* **Task goal**
Output the full listing below exactly; the images stay out.

* **Data supplied**
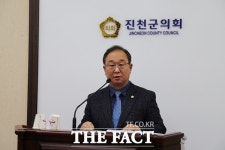 김성우 진천군의원 사회복지시설 종사자 처우 개선해야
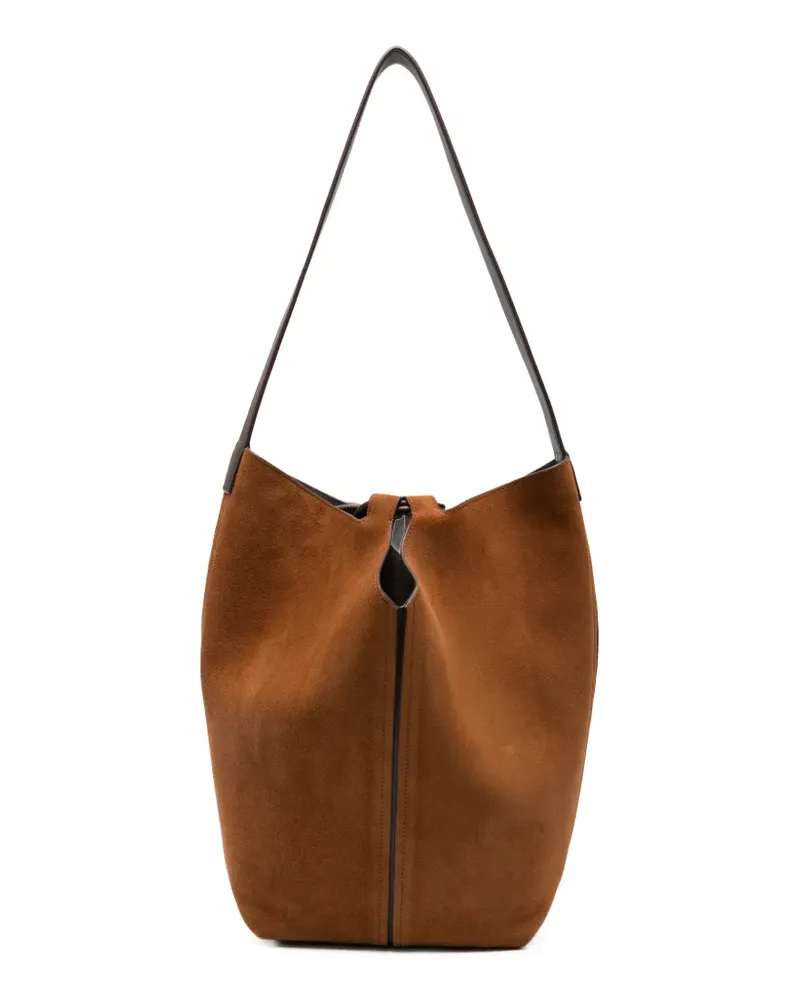 HEREU Riba shoulder bag - Braun Braun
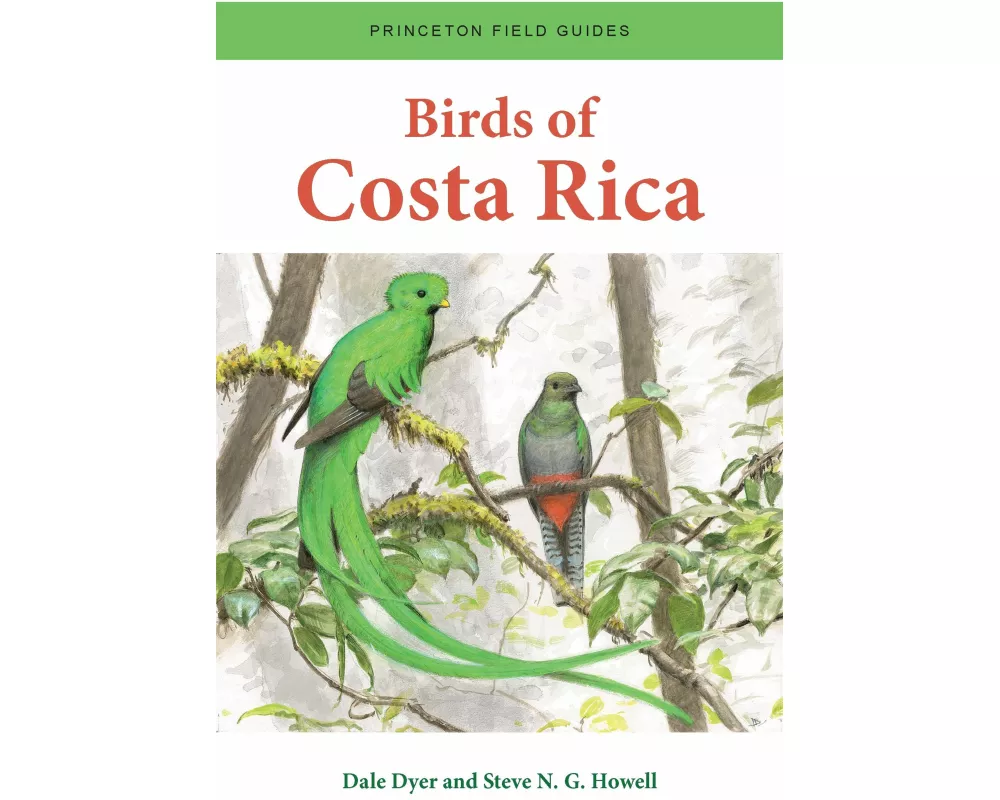 Birds of Costa Rica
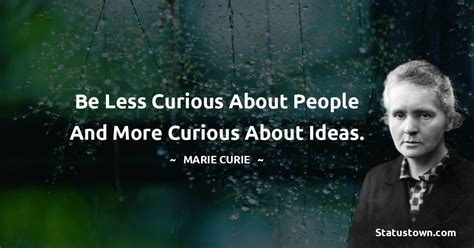 30+ Best Marie Curie Quotes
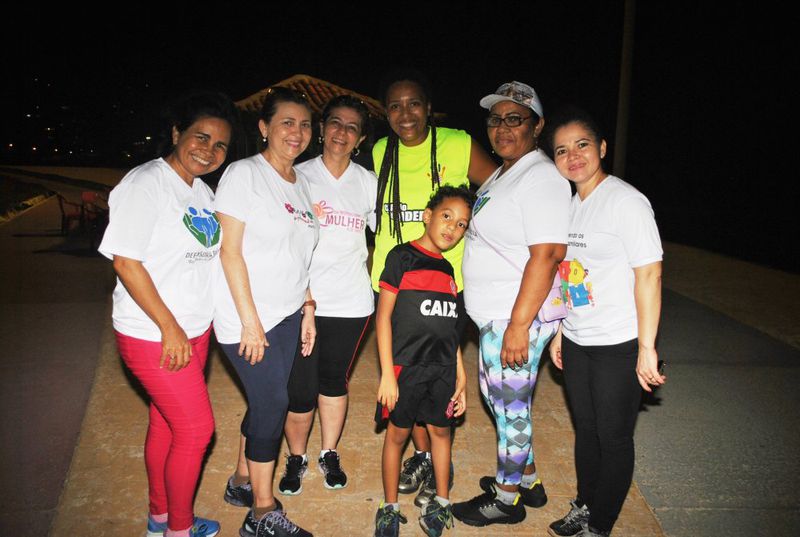 PaisagemCaminhada do servidor II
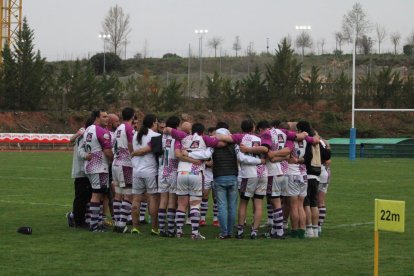 El equipo senior masculino estrena la Liga en el campo del Quebrantahuesos.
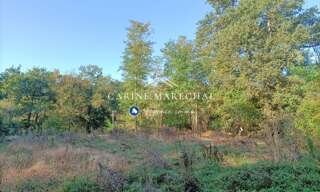 Terrain  2023 m² à vendre à Poucharramet (31370)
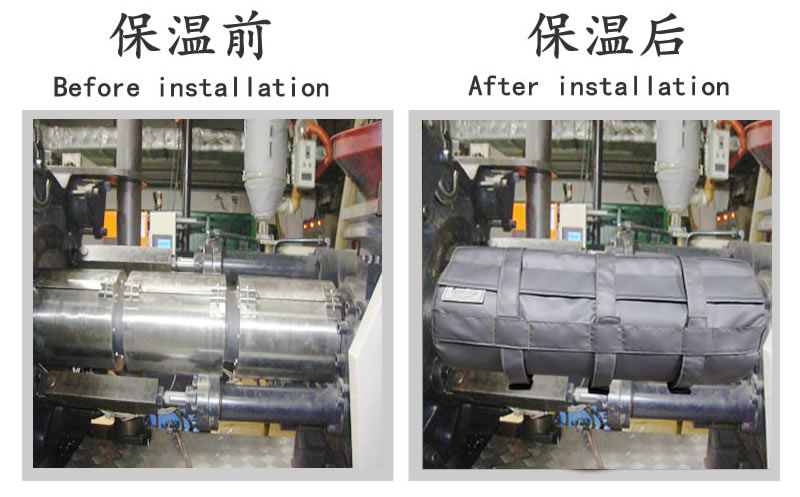 注塑機(jī)<a href=http://buvvn.cn/e/tags/?tagname=%E4%BF%9D%E6%B8%A9%E5%A5%97 target=_blank class=infotextkey>保溫套</a>,節(jié)能,可拆卸式<a href=http://buvvn.cn/e/tags/?tagname=%E4%BF%9D%E6%B8%A9%E5%A5%97 target=_blank class=infotextkey>保溫套</a>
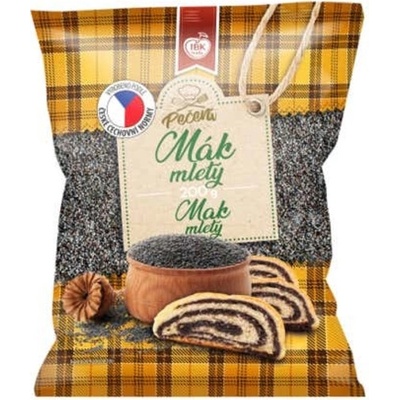 IBK Trade Mák modrý mletý 200 g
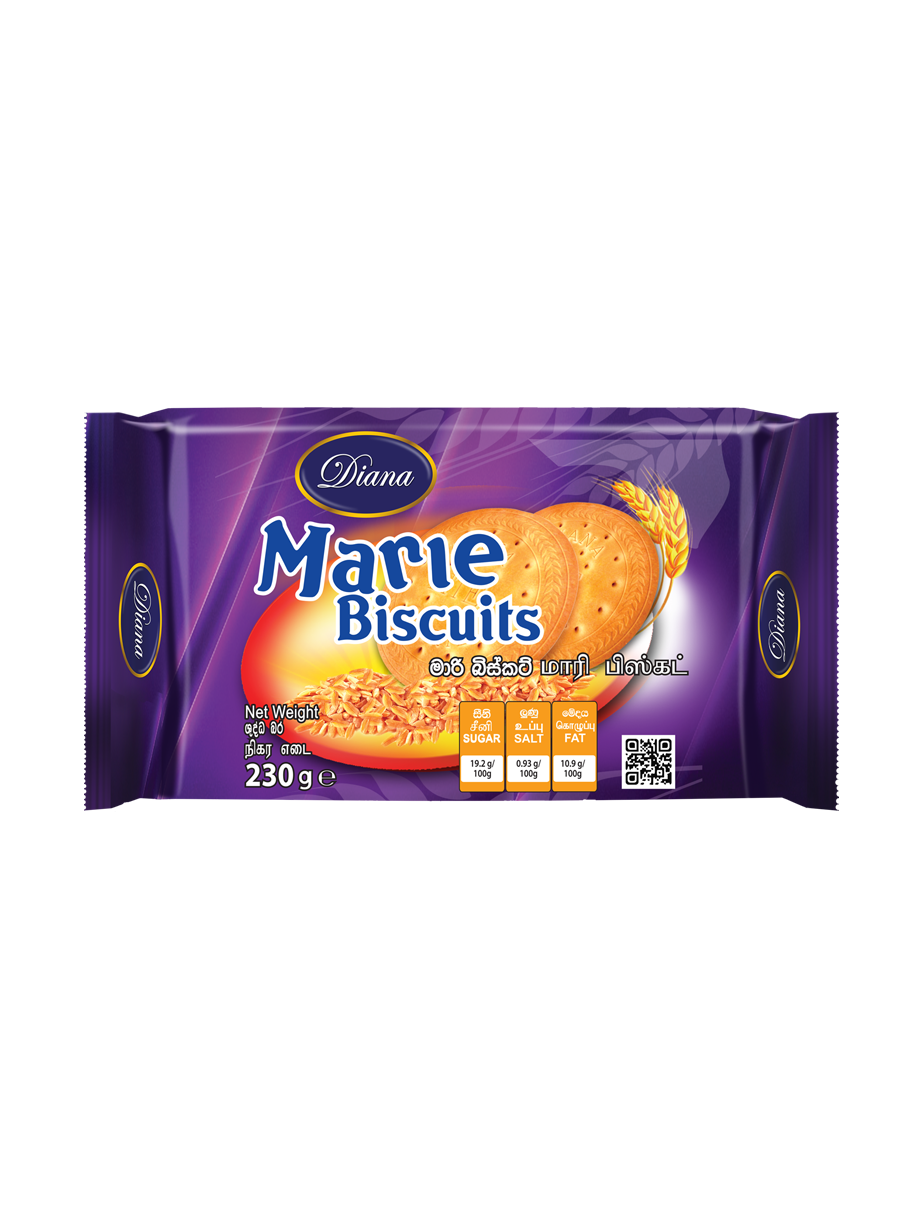 Diana Marie Biscuit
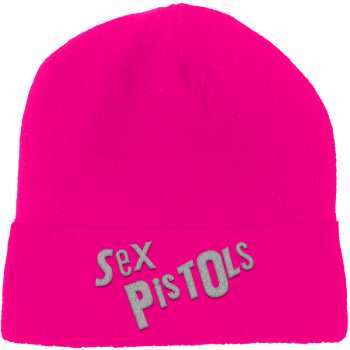 Merch Sex Pistols: Sapka Logo The Sex Pistols
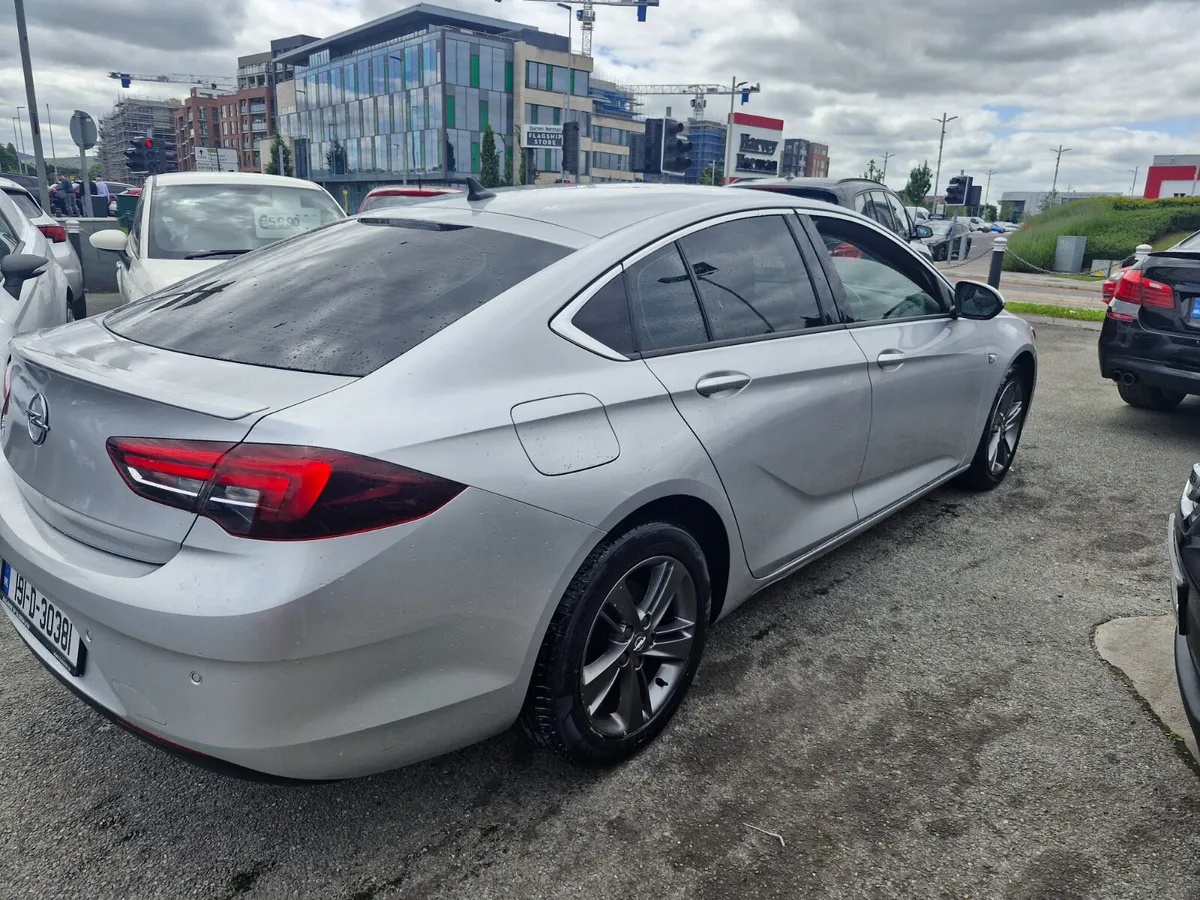 Opel Insignia 2019 - Image 4
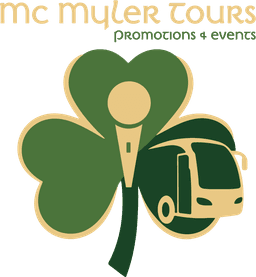 Mc Myler Tours, Promotions & Events logo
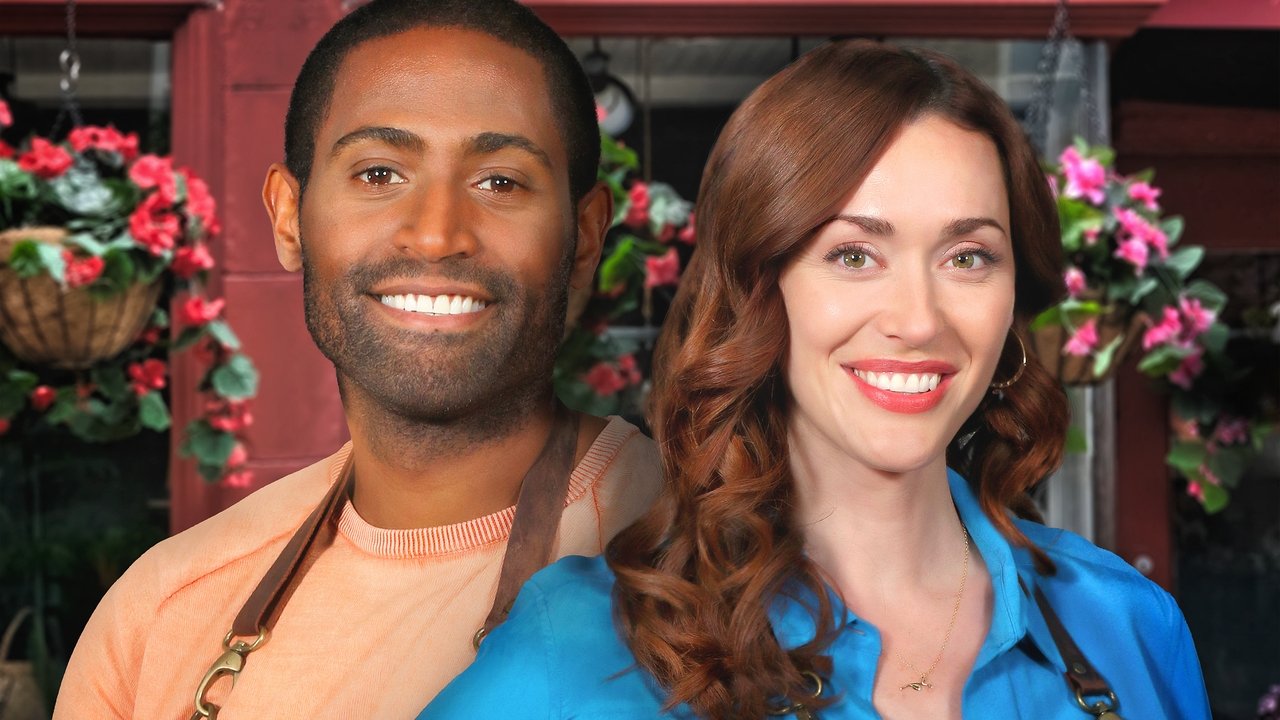 When Love Blooms backdrop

* **Answer for the task**
 김성우 진천군의원 사회복지시설 종사자 처우 개선해야
 HEREU Riba shoulder bag - Braun Braun
 Birds of Costa Rica
 30+ Best Marie Curie Quotes
 PaisagemCaminhada do servidor II
 El equipo senior masculino estrena la Liga en el campo del Quebrantahuesos.
 Terrain  2023 m² à vendre à Poucharramet (31370)
 注塑機(jī)<a href=http://buvvn.cn/e/tags/?tagname=%E4%BF%9D%E6%B8%A9%E5%A5%97 target=_blank class=infotextkey>保溫套</a>,節(jié)能,可拆卸式<a href=http://buvvn.cn/e/tags/?tagname=%E4%BF%9D%E6%B8%A9%E5%A5%97 target=_blank class=infotextkey>保溫套</a>
 IBK Trade Mák modrý mletý 200 g
 Diana Marie Biscuit
 Merch Sex Pistols: Sapka Logo The Sex Pistols
 Opel Insignia 2019 - Image 4
 Mc Myler Tours, Promotions & Events logo
 When Love Blooms backdrop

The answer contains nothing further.